2025年8月6日、米メディア大手のディズニー(DIS)が2025年4-6月期の決算を発表し、アナリスト予想を上回る好調な利益と今後の見通しを示しました。同時に、スポーツ配信サービス「ESPN」の強化につながる2つの大型契約も明らかにしましたが、株価は3.3%下落し、114.43ドルで取引されています(米国東部夏時間11:00現在)。
投資家の利益確定売りや一部の懸念材料が市場の反応を左右したと考えられます。
EPSは市場予想超え、ガイダンスも引き上げ
ディズニーは、2025年4-6月期の調整後1株利益が1.61ドルとなり、アナリスト予想の1.45ドルを上回りました。さらに、通期の1株利益予想を5.85ドルに引き上げ、これも市場予想(5.80ドル)をわずかに上回る形となりました。

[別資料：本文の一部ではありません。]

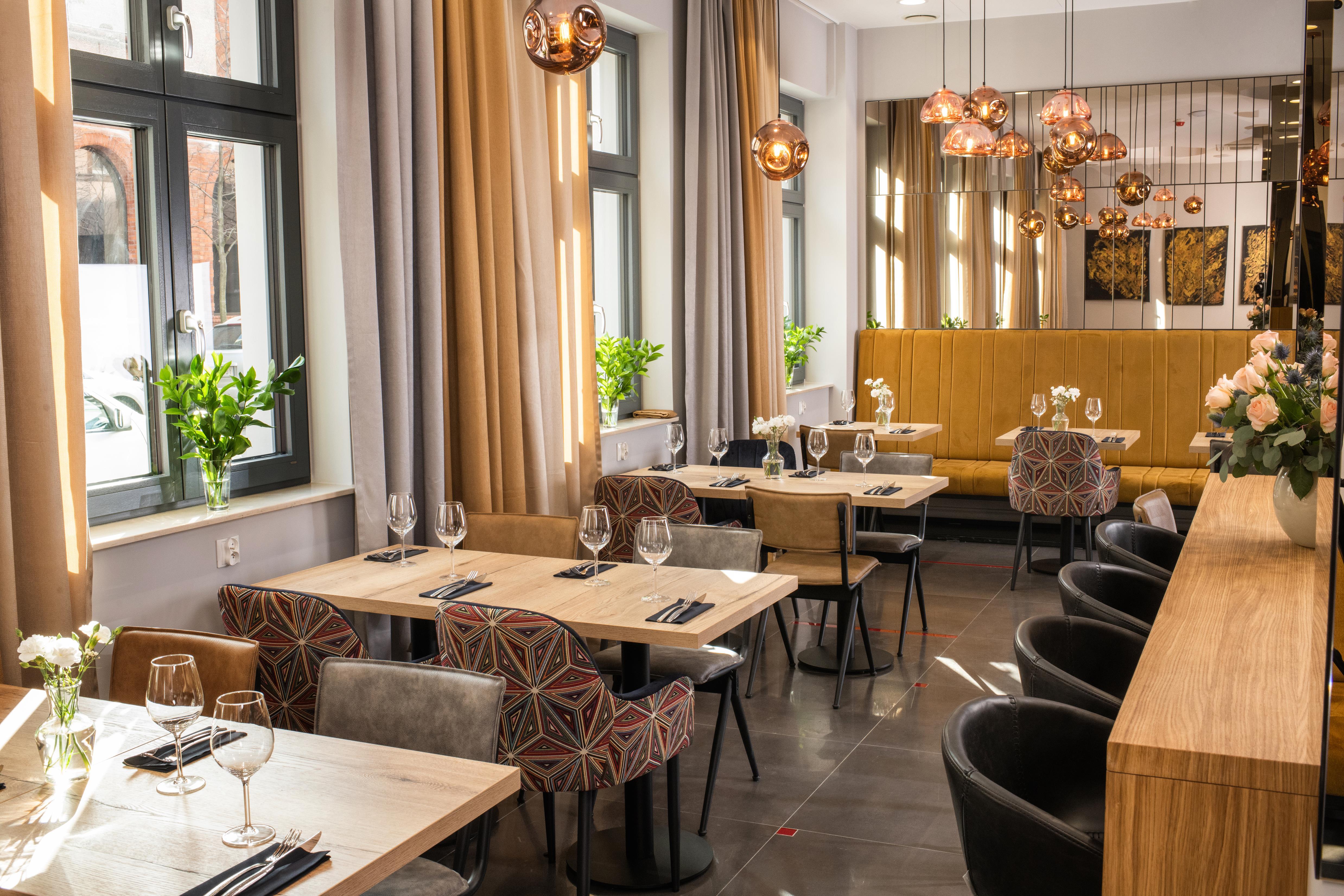 Xerion (adults Only) 4*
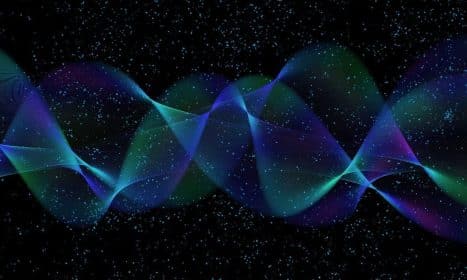 physics, particles, waves, molecules, electrons, light, subject, photons, dualism, quantum physics, theory of relativity, matter, physics, physics, physics, physics, quantum physics, quantum physics, quantum physics, quantum physics, quantum physics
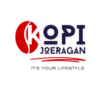 Loker Kopi Joeragan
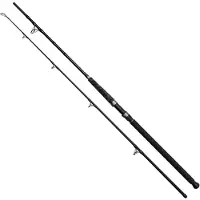 MADCAT Black Heavy Duty Monnivapa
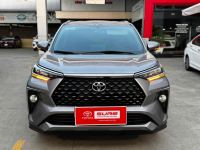 Bán xe Toyota Veloz 2022 Cross 1.5 CVT giá 565 Triệu - TP HCM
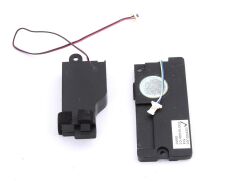 Acer Aspire 5738 5238 5338 5536 5740 5740G 5538 5542 5542G ms2264 MS2286 MS2277 Hoparlör Sag Sol Takım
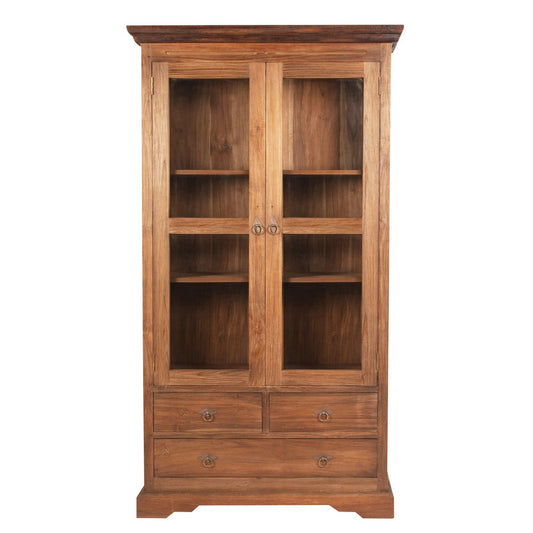 Vitrine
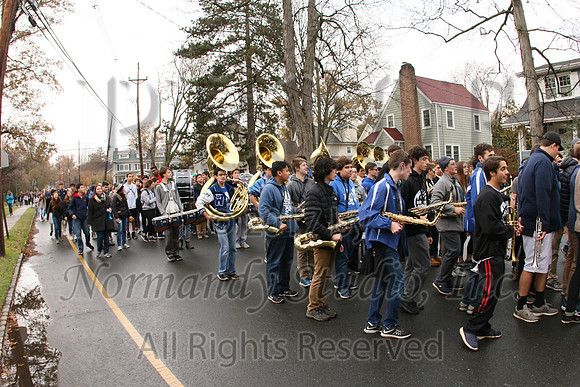 WHS_28_prd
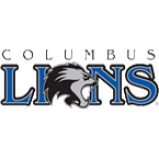 Radio SportsJuice - Columbus Lions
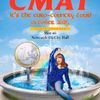 CMAT - It's the Euro-Country Tour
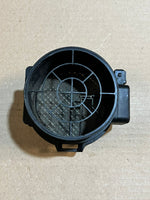 Bild in die Galerieansicht laden, 2001-2005 BMW 330i E46 M54 Mass Air Flow MAF Sensor 1438871 OEM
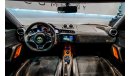 Lotus Evora 400 Std 2019 Lotus Evora 400, Lotus Warranty, Full Service History, Low KMs, GCC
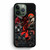 Assassins Creed Shadows and Ghost of Tsushima iPhone 13 Pro Max Case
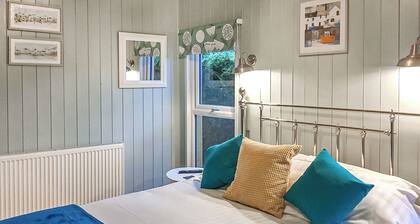 2 bedroom accommodation in Easingwold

また、今後の成長が期待される「ダイレクト・トゥ・コンシューマー(DTC)部門」および「パークス&エクスペリエンス部門」に対する利益見通しも引き上げられました。
売上は予想未達、エンタメ部門の利益減も影響
一方で、売上高は前年同期比2%増の236億5000万ドルとなりましたが、アナリスト予想の236億9000万ドルにはわずかに届きませんでした。エンターテインメント部門の営業利益は15%減の10億2000万ドルとなり、ディズニー・スタジオは赤字を計上しました。
こうした「見た目の数字の悪さ」が一部の投資家にとって利益確定のタイミングとなった可能性があります。
ESPNがNFLネットワークを取得、スポーツ配信強化へ
ディズニーはまた、ナショナル・フットボール・リーグ(NFL)との戦略的提携を発表しました。この合意により、ESPNはNFLネットワークを取得し、8月21日に予定されている新しいストリーミングプラットフォームに統合される予定です。
さらに、「レッドゾーン」の配信権も獲得。これにより、日曜午後に行われる全試合のライブアクションを視聴者に届けることが可能になります。今回の提携に伴い、ディズニーはESPNの10%の持ち分をNFLに譲渡しました。
WWEとも16億ドル超の独占契約を締結
ディズニー傘下のESPNは、TKOグループ(TKO)と提携し、2026年からプロレス団体WWEの主要イベント(レッスルマニア、サマースラムなど)を独占配信する16億ドル以上の契約を締結しました。これにより、スポーツコンテンツの拡充がさらに進むと期待されます。
株価下落の背景には「材料出尽くし感」も
株価が下落した背景には、過去数カ月での急騰による反動もあります。ディズニーの株価は、トランプ大統領による4月2日の関税発表で市場が動揺した後、4月8日から上昇基調に転じ、8月初旬までに約45%上昇していました。動画配信大手のネットフリックス(NFLX)も同期間に32%上昇しており、S&P500も26%の上昇を記録しています。
つまり、好決算や明るい将来性が示された一方で、「材料出尽くし」と見なされ、一部の投資家が利益確定に動いたと考えられます。
まとめ
ディズニーは、今後の成長エンジンとなるDTCとパーク部門で好材料を提供し、スポーツ配信においてもESPNの強化に向けた具体的な動きを見せました。短期的な株価の反応は軟調となりましたが、中長期的にはこれらの戦略が収益拡大につながる可能性があります。
今後のESPN新サービスのローンチと、スポーツコンテンツ拡充の成果に注目が集まります。